§ **INSTRUCTIONS TO FOLLOW**
Please return the listing below word for word, minus its pictures.

*** Opening of RAW DATA ***

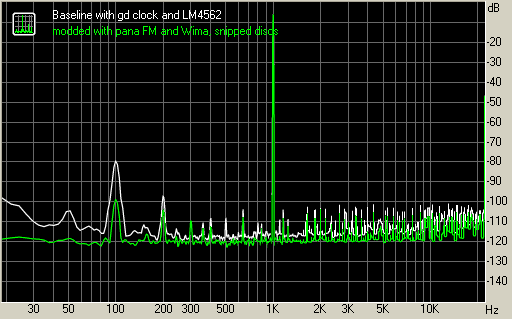 Spectrum graph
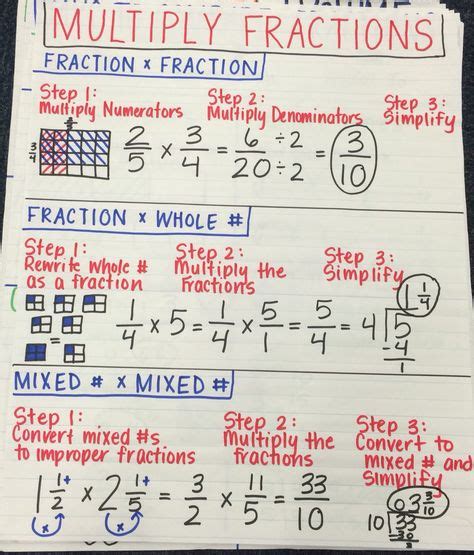 Toradh íomhá ar Simplifying Fractions Anchor Chart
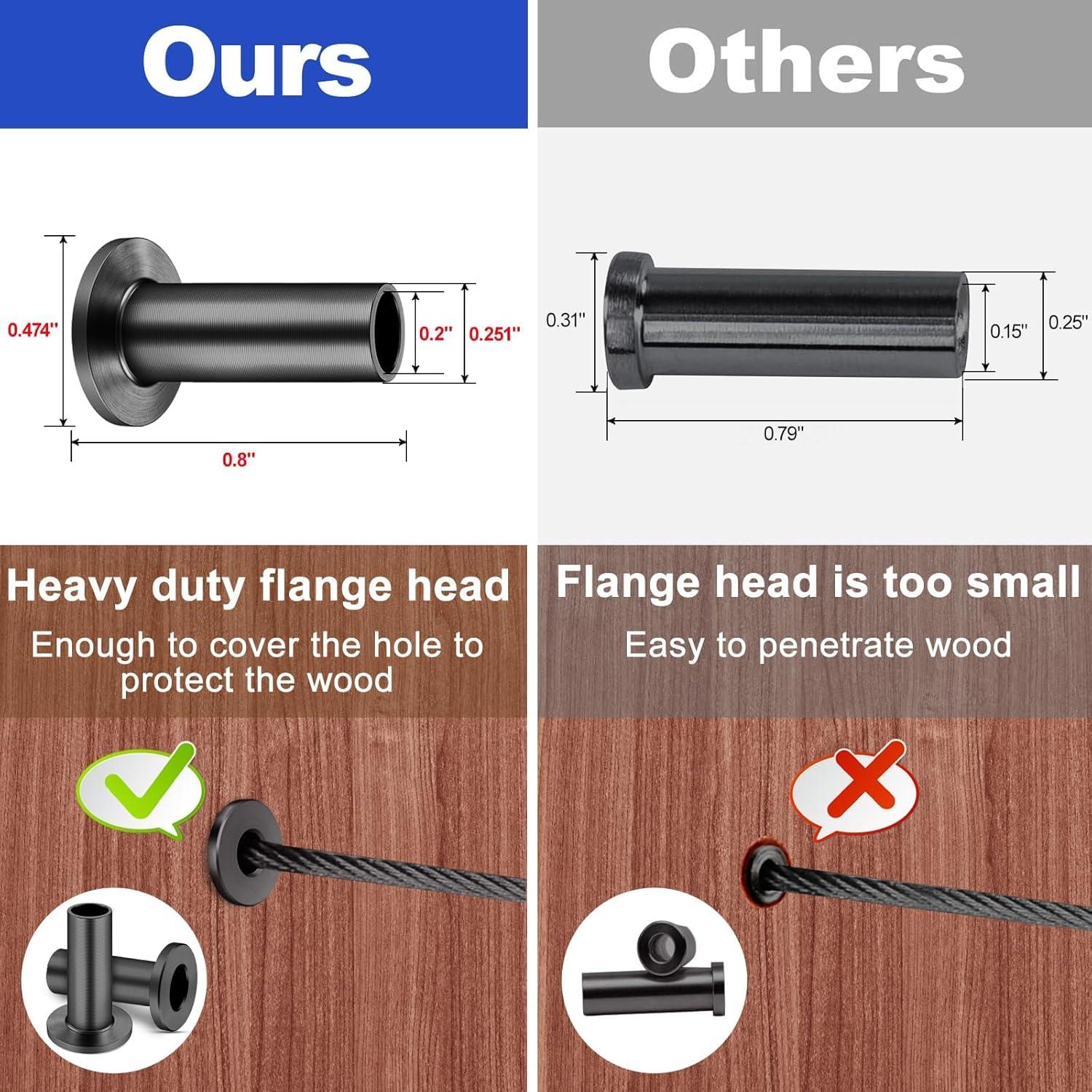 CKE 40 Mangas Protectores Acero Inoxidable T316 Negras 3 Tamaños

*** Close of RAW DATA ***

§ **OUTPUT FOR THIS TASK**
 Spectrum graph
 Toradh íomhá ar Simplifying Fractions Anchor Chart
 CKE 40 Mangas Protectores Acero Inoxidable T316 Negras 3 Tamaños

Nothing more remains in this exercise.